**WORK TASK:** Each of the entries below is to be written out exactly, and the images skipped.

**Items from a data source:**

- Opening Delimiter -

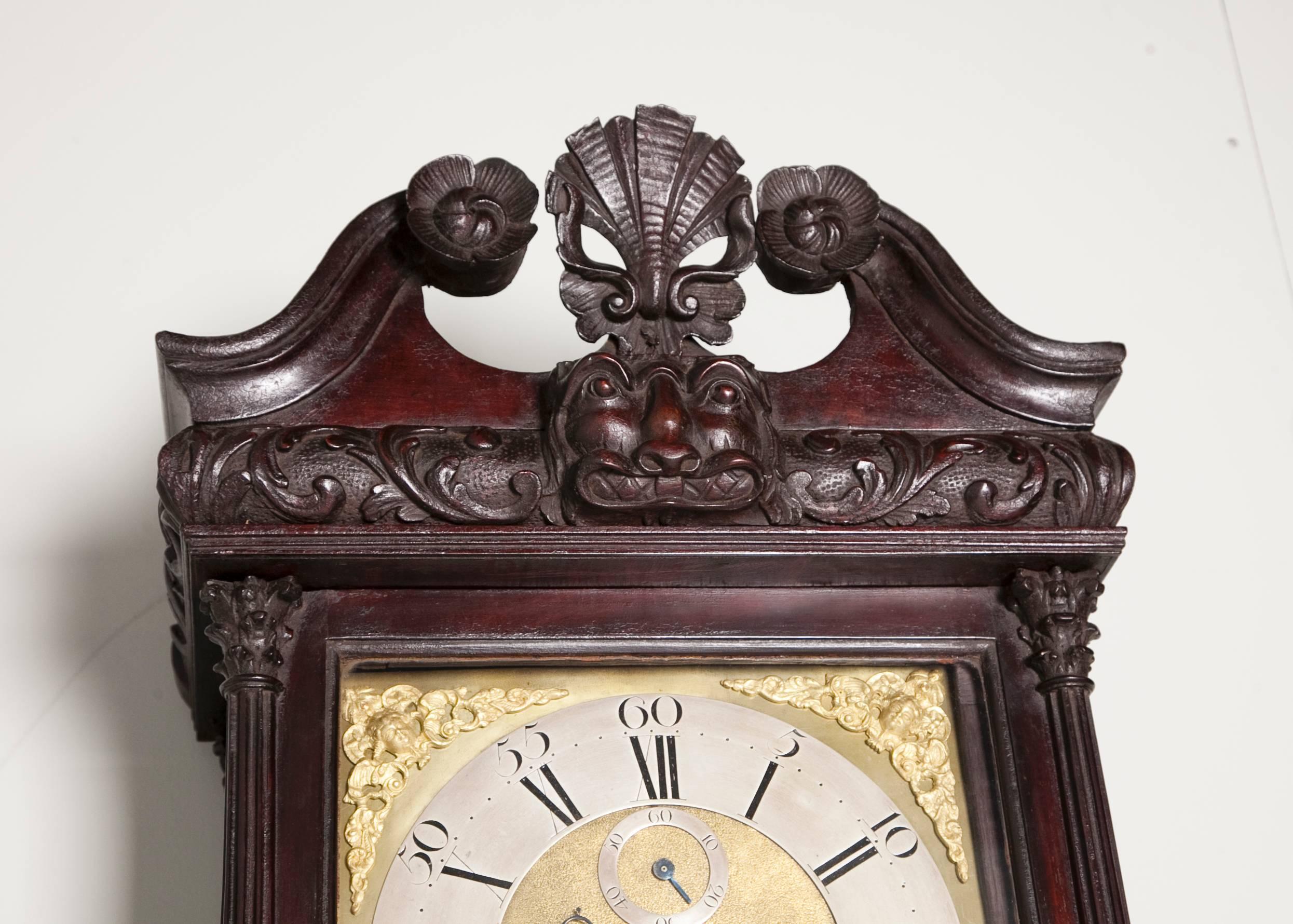 A good Irish long case clock by Thomas Blundel. The case with a swan neck top curved with an Irish mask on a cushion moulding of acanthus with carved rosettes, supported by fluted columns and a long central door, retaining good original color and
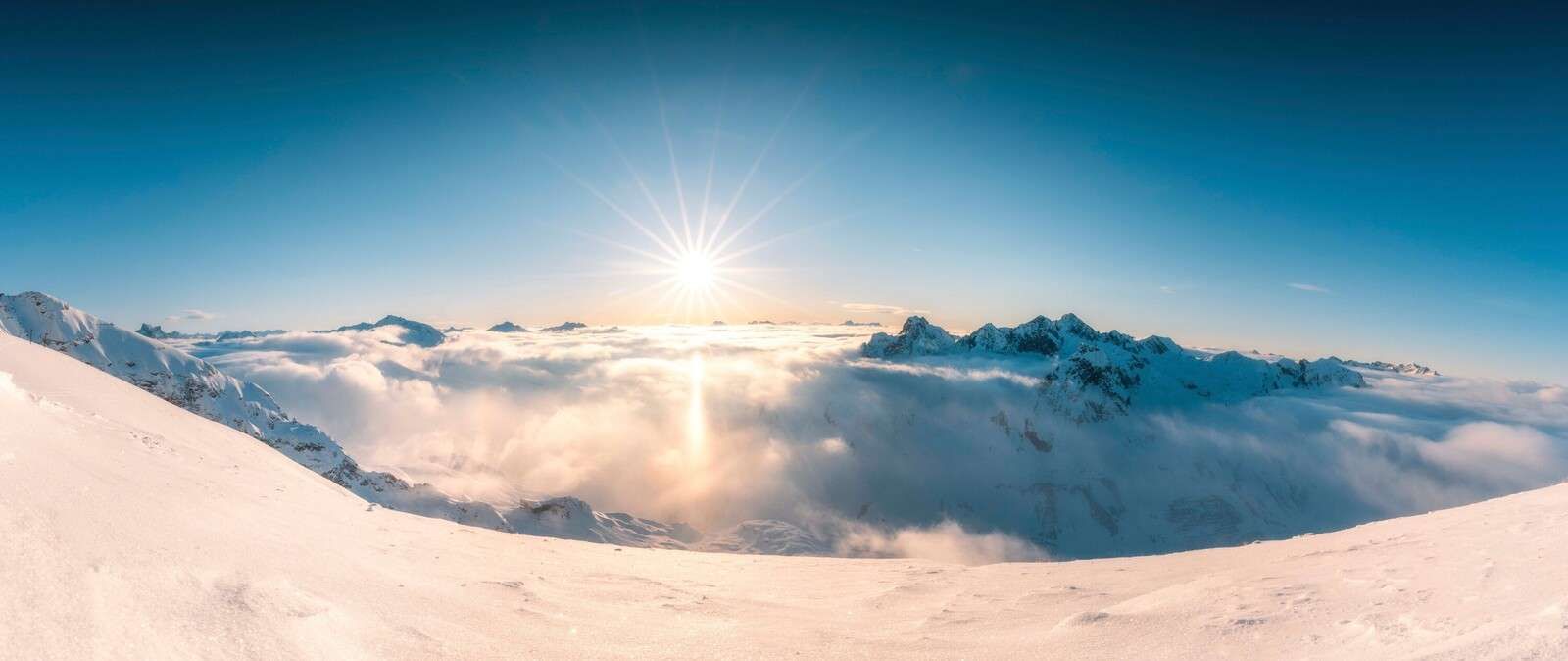 Sun above cloud cover in alpine panorama
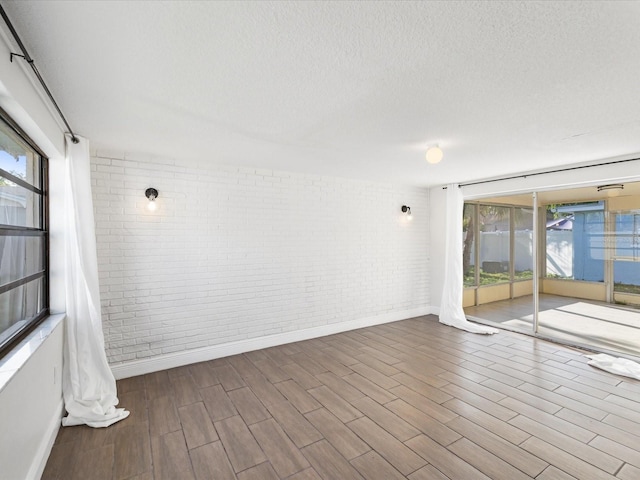 empty room with brick wall, a textured ceiling, and wood finished floors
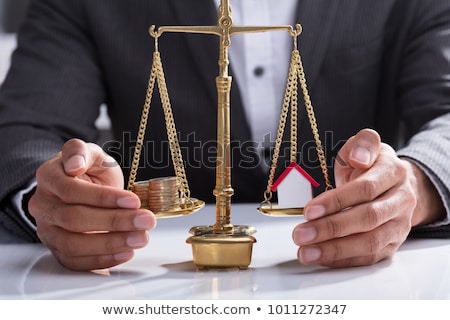 Stock foto: Businessperson Protecting Stack Of Coins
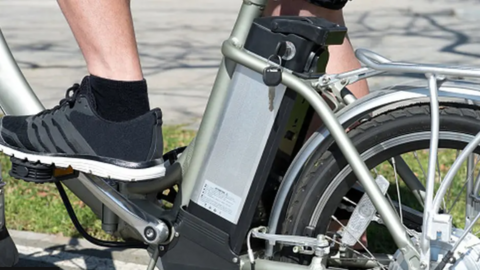 A close-up of a foot in a trainer, on the pedals of a silver e-bike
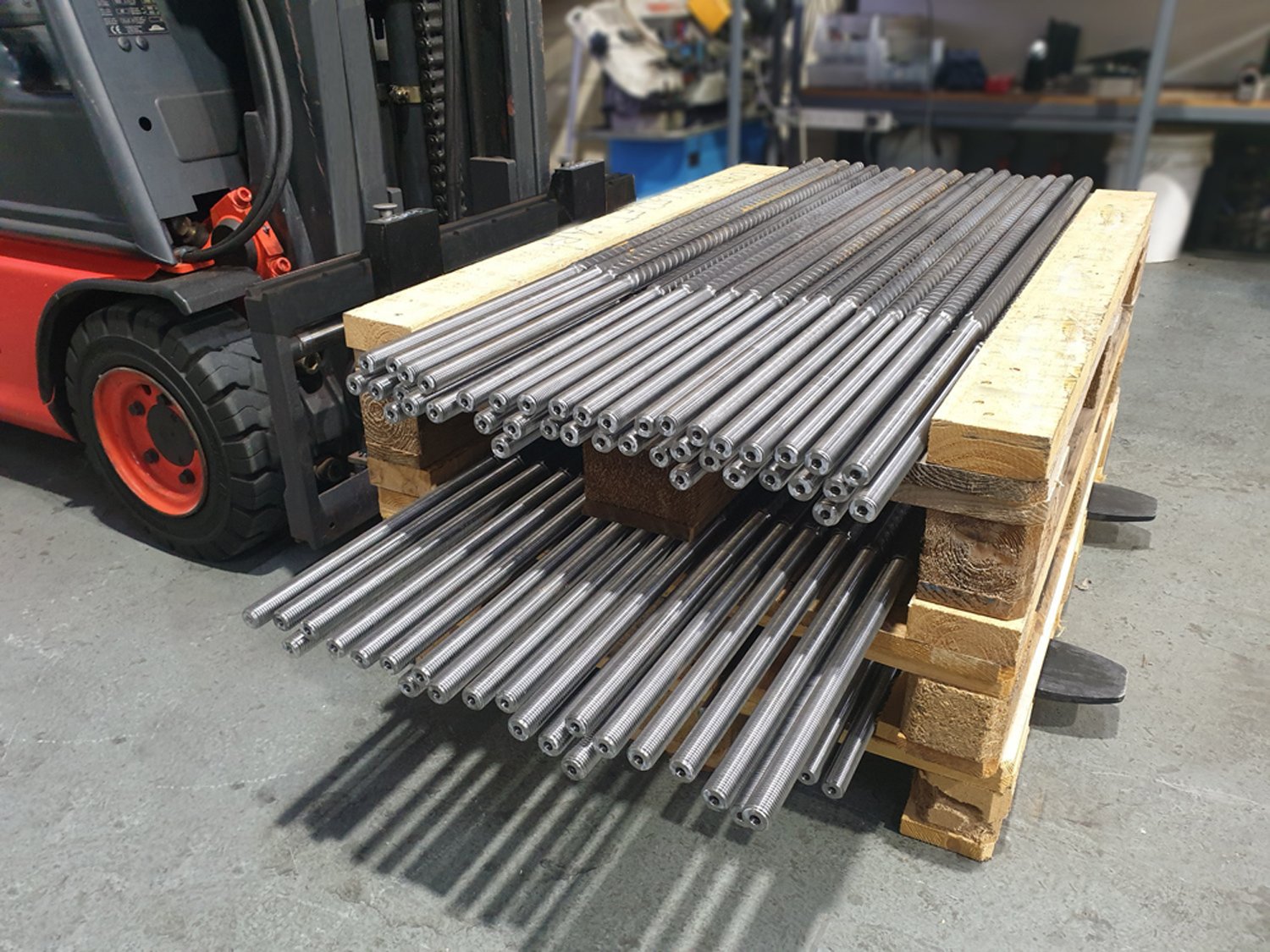Stacked metal rods on a wooden pallet with a forklift in a warehouse setting.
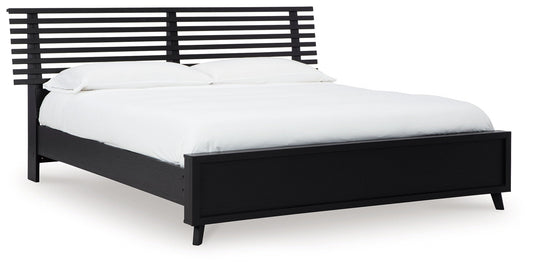 Danziar King Slat Panel Bed With Framed Panel Footboard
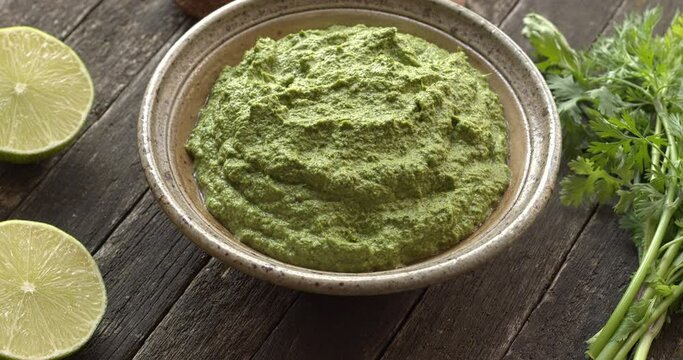Coriander chutney and main ingredients: bunch of cilantro leaves, green chilies, lime and Brazil nuts (shelled and unshelled). Table spin.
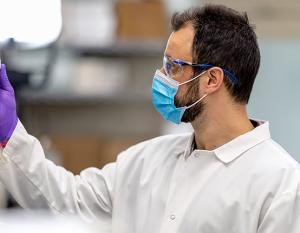 Scientist looking at a vial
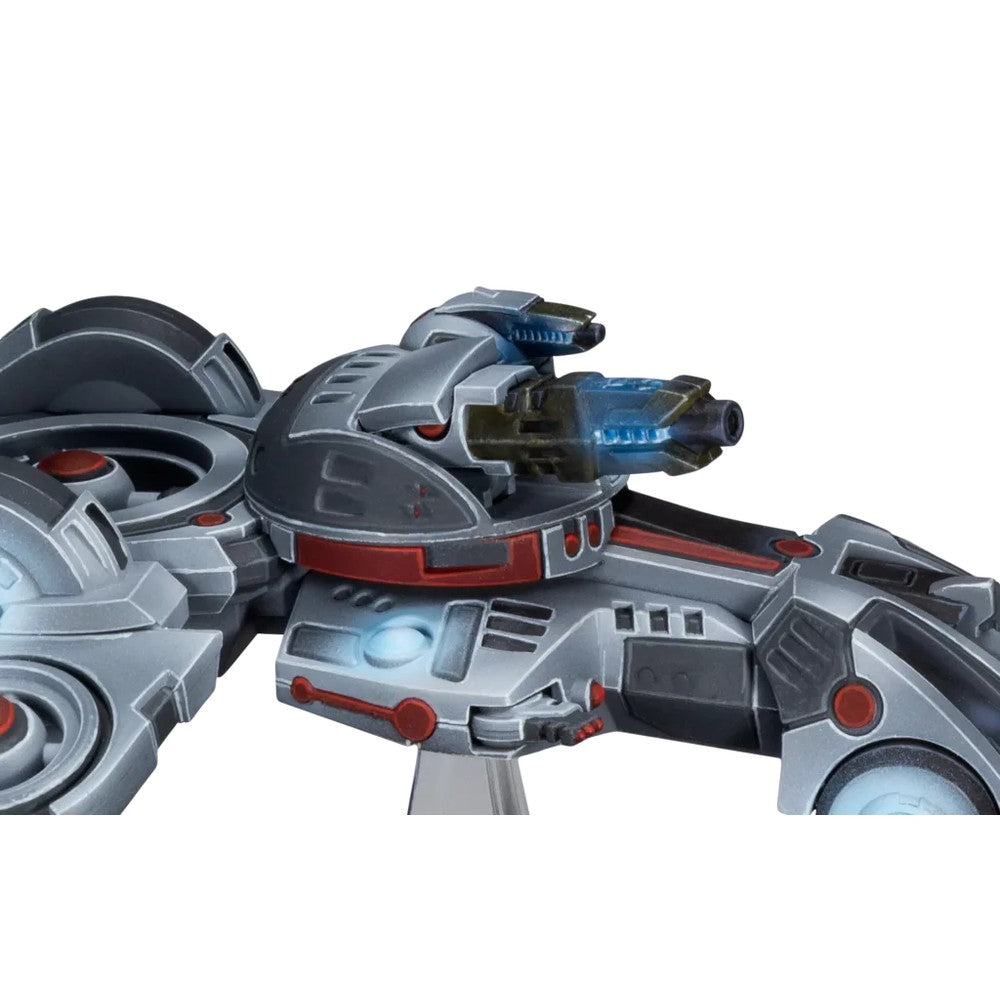 A gray sci-fi miniature hovercraft with red accents, featuring a central turret with a bright blue glowing energy weapon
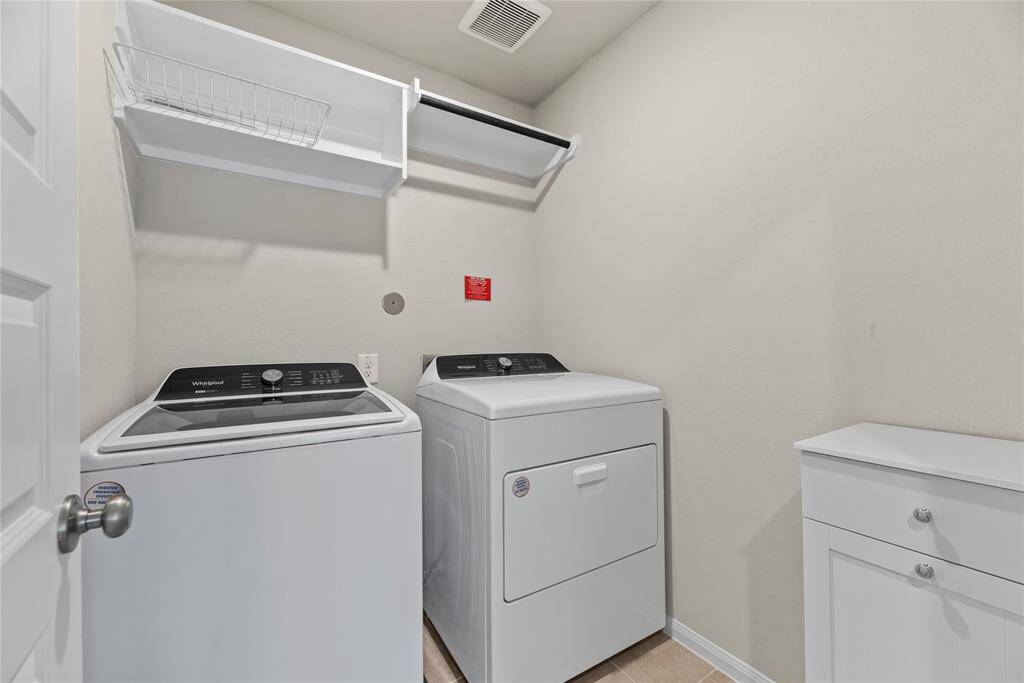 Experience convenience with the in-house utility room, thoughtfully designed with a dedicated laundry area.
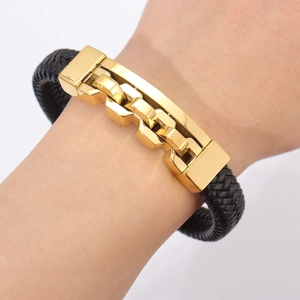 Men's hip hop bracelet featuring black braided leather and golden hollow lock chain links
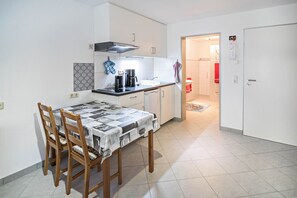 A compact kitchen with a dining table, chairs, and a coffee maker.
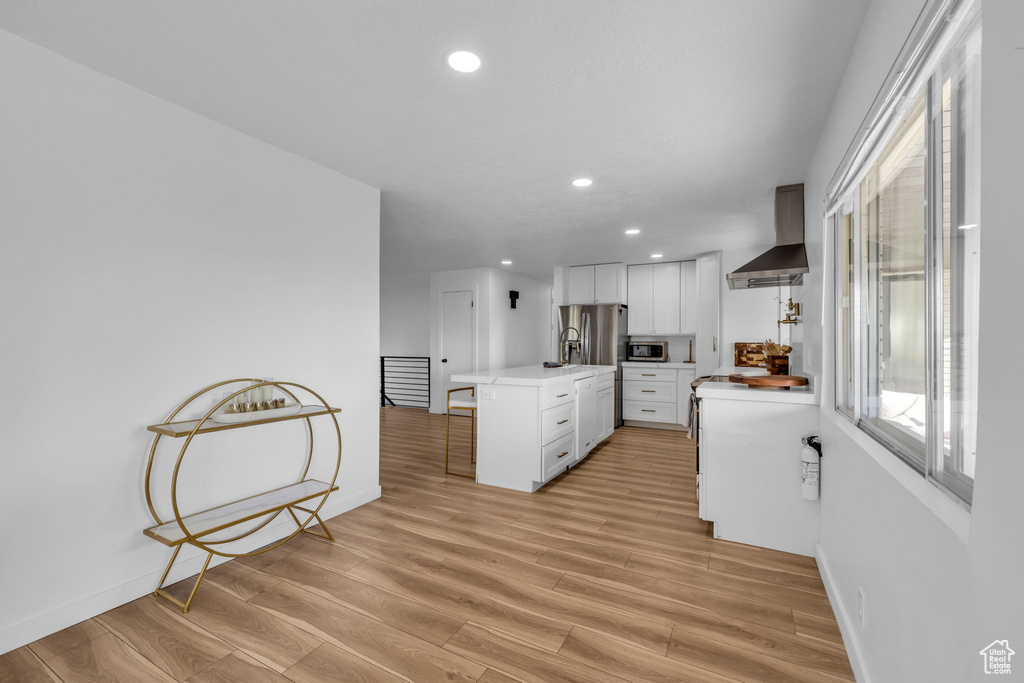 Kitchen featuring white cabinets, wall chimney range hood, stainless steel appliances, a center island, and light wood-type flooring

- Closing Delimiter -

**SOLUTION TO THE PROBLEM:**
 A good Irish long case clock by Thomas Blundel. The case with a swan neck top curved with an Irish mask on a cushion moulding of acanthus with carved rosettes, supported by fluted columns and a long central door, retaining good original color and
 Sun above cloud cover in alpine panorama
 empty room with brick wall, a textured ceiling, and wood finished floors
 Stock foto: Businessperson Protecting Stack Of Coins
 A close-up of a foot in a trainer, on the pedals of a silver e-bike
Stacked metal rods on a wooden pallet with a forklift in a warehouse setting.
 Danziar King Slat Panel Bed With Framed Panel Footboard
Coriander chutney and main ingredients: bunch of cilantro leaves, green chilies, lime and Brazil nuts (shelled and unshelled). Table spin.
 Scientist looking at a vial
 A gray sci-fi miniature hovercraft with red accents, featuring a central turret with a bright blue glowing energy weapon
 Experience convenience with the in-house utility room, thoughtfully designed with a dedicated laundry area.
 Men's hip hop bracelet featuring black braided leather and golden hollow lock chain links
 A compact kitchen with a dining table, chairs, and a coffee maker.
 Kitchen featuring white cabinets, wall chimney range hood, stainless steel appliances, a center island, and light wood-type flooring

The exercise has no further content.